TASK PROMPT:
Copy only the lines from the one containing "[TEN 포토] 김용진 '새해 첫 출근 하트뿌려요'" through the final line of the records below, exactly as written, with no pictures.

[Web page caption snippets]

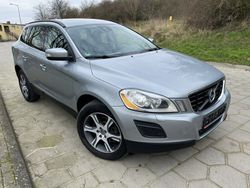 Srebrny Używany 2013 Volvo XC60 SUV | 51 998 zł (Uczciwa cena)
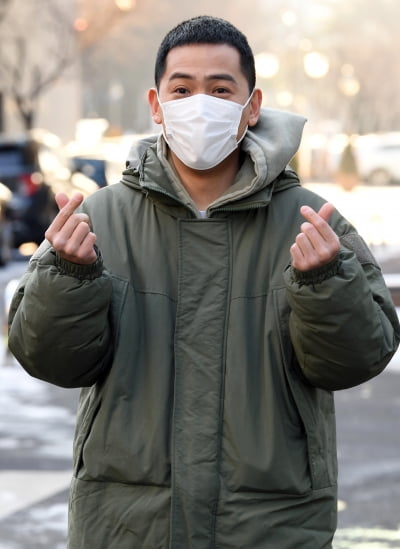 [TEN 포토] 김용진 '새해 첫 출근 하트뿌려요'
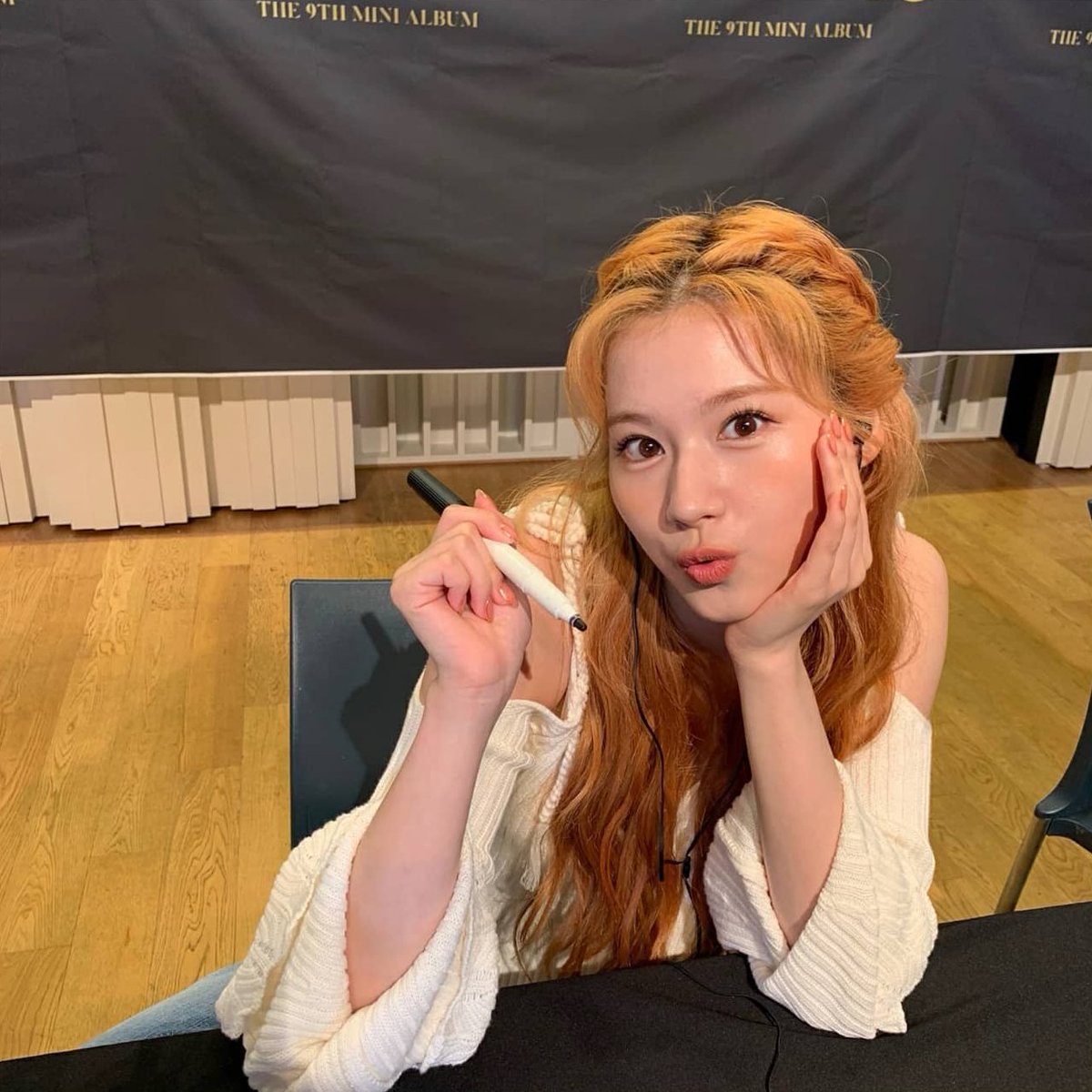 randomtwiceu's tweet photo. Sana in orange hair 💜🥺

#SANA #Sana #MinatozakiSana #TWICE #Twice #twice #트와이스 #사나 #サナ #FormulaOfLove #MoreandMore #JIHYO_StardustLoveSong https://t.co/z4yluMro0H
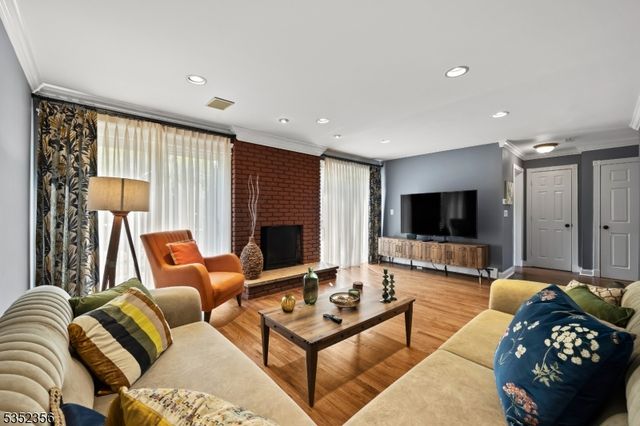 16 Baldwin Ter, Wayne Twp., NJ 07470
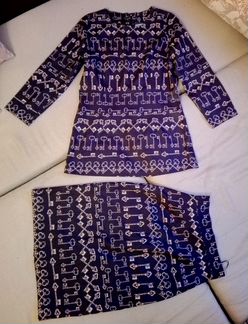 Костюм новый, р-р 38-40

RESULT OF THIS TASK:
 [TEN 포토] 김용진 '새해 첫 출근 하트뿌려요'
 randomtwiceu's tweet photo. Sana in orange hair 💜🥺

#SANA #Sana #MinatozakiSana #TWICE #Twice #twice #트와이스 #사나 #サナ #FormulaOfLove #MoreandMore #JIHYO_StardustLoveSong https://t.co/z4yluMro0H
 16 Baldwin Ter, Wayne Twp., NJ 07470
 Костюм новый, р-р 38-40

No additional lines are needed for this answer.